# Table Saw Sled - Can you do it the other way?



## Martin_S (20 Nov 2015)

I need to knock up a couple of sleds - one crosscut and one mitre for my old Axminster table saw.

There are lots of examples around but they all seem to fit around and in front of the blade, (so the slot for the blade runs from 'near back to front edge') which means the riving knife and guard need to be removed and then an alternate guard added as part of the sled.

I guess I am being dumb, but why can't I make a sled that sits around and behind the blade so the slot for the blade runs from 'near front to back edge' - that way I could position it around the RK and guard without the need to remove them?

Obviously with the mitre sled this could be a challenge (either ends up being a very big sled so there is enough 'unslotted' at the front to hold it all together or the mitre sits so far back it could be too short) but for the cross cut I can't see a problem?


----------



## monkeybiter (20 Nov 2015)

make sure the cross members are big [high] enough to have a deep slot that will allow for the blade and the RK to pass under and still support the whole, then you won't need to worry about any 'unslotted' area and it's size.


----------



## Martin_S (20 Nov 2015)

Mike, Thanks for that - understand your point but would still need to remove the guard and I think my way avoids the need for that, though if it worked why does everyone do it the other way? Guess I will find out when I try it....


----------



## MusicMan (28 Nov 2015)

Martin I am interested also but am having a problem understanding exactly what you mean.
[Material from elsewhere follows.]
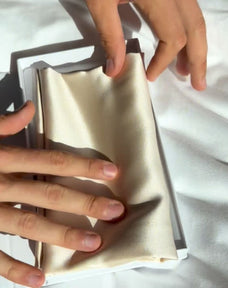 Unboxing video of the Dore and Rose Luxury Soft Silk Pillowcase  in the color Champagne Beige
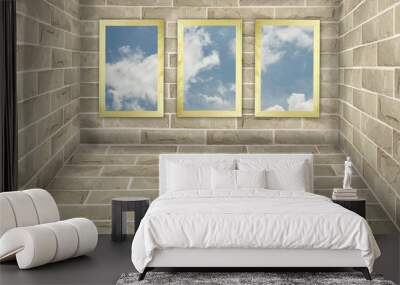 Three frames on brick wall with blue sky background Wall mural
Do you mean that the saw slot is open all the way to the back and there is no back fence at all?

A diagram would help if you can sketch one.

Keith


----------



## Monkey Mark (28 Nov 2015)

I can understand the guard having to be removed, but not the riving knife unless you intend to cut longer pieces than the sled, in which case it kind of defeats the object.

Surely the sled coukd just be dropped over the blade and knife? And when using a sled, the guard just gets in the way unless you have a super duper one. 

Or am I missing something?


----------



## Bodgers (29 Nov 2015)

The slot side you would need to accommodate the guard would destabilise the sled, and you would also lose the 'Zero clearance' benefits of the sled. It would also make it useless for small increment cuts (something that I often do on a sled) as the small pieces would drop into the gap between you large slot and the blade - would probably end in tears. 

On my ts200 I remove the guard but keep the riving knife on for the sled. Put a quick release on your guard and it makes it much easier.


Sent from my iPad using Tapatalk


----------



## Martin_S (29 Nov 2015)

Guess - I am either going to have to find time to make it and find out or draw it so you guys understand what I have in mind - I will make time to do one or other this week!


----------



## Bluekingfisher (8 Dec 2015)

http://lumberjocks.com/assets/pictures/ ... /85501.jpg

or 


http://www.popularwoodworking.com/proje ... lesaw-jigs

Keep things simple and don't try to over engineer. The more you build in the more tolerance you will need to consider.

The top image will require you to remove the saw guard so you will need to plan your projects to save time changing the knife and guard out.

Good luck

David


----------



## asito (10 Dec 2015)

I built my first crosscut sled the other day and decided to cut enough of the back fence to accommodate for the knife and ended up seriously destabilising the whole thing. Bluekingfisher's links above are great (especially first one). Incidentally, what kind of wax do you guys use to make everything slide smoothly?
Cheers


----------



## Bodgers (11 Dec 2015)

asito":b62tin3m said:


> I built my first crosscut sled the other day and decided to cut enough of the back fence to accommodate for the knife and ended up seriously destabilising the whole thing. Bluekingfisher's links above are great (especially first one). Incidentally, what kind of wax do you guys use to make everything slide smoothly?
> Cheers


After several coats of water based finish, I use Lavender Silk wood wax (which is just a paste wax). Works well, and you have to love the smell of Grandma whilst crosscutting.

All this faff over the sledge builds really isn't worth it. I have a simple affair and it is fine when used sensibly - if you need to spend all the time and money over these kinds of complex setups, you may as well go out and buy a half decent sliding mitre saw for crosscutting.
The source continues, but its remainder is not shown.